Relationships among Usefulness and Confidence Ratings and Case and Physician Characteristics
The ratings of usefulness and confidence in relation to case characteristics are shown in Tables ▶ and ▶. The mean QMR usefulness rating was 3.05 out of 4.00, indicating that, overall, the physicians perceived QMR as useful on these cases. Perceived usefulness was significantly greater for the more difficult cases and on the cases for which QMR could produce higher quality information.

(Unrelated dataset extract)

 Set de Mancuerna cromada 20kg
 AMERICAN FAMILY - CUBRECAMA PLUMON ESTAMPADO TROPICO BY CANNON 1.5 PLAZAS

The overall mean confidence ratings were significantly lower (P < 0.03) on the high-information-quality cases than on the low-information-quality cases. However, this effect was attributable mainly to a significant interaction (P < 0.0001) of case difficulty and case information quality, in that the decrease in confidence ratings for the high-information-quality cases compared with the low-information-quality cases was much greater for the difficult cases than for the easy cases. In fact, the direction of the confidence scores for the easier cases was slightly reversed from that for the difficult cases. As might be expected, diagnostic confidence was, overall, significantly higher on the easier cases regardless of the quality of QMR information. The correlation between each physician's mean usefulness and confidence ratings across all cases was -0.50, indicating a moderate but significant inverse relationship between these two variables.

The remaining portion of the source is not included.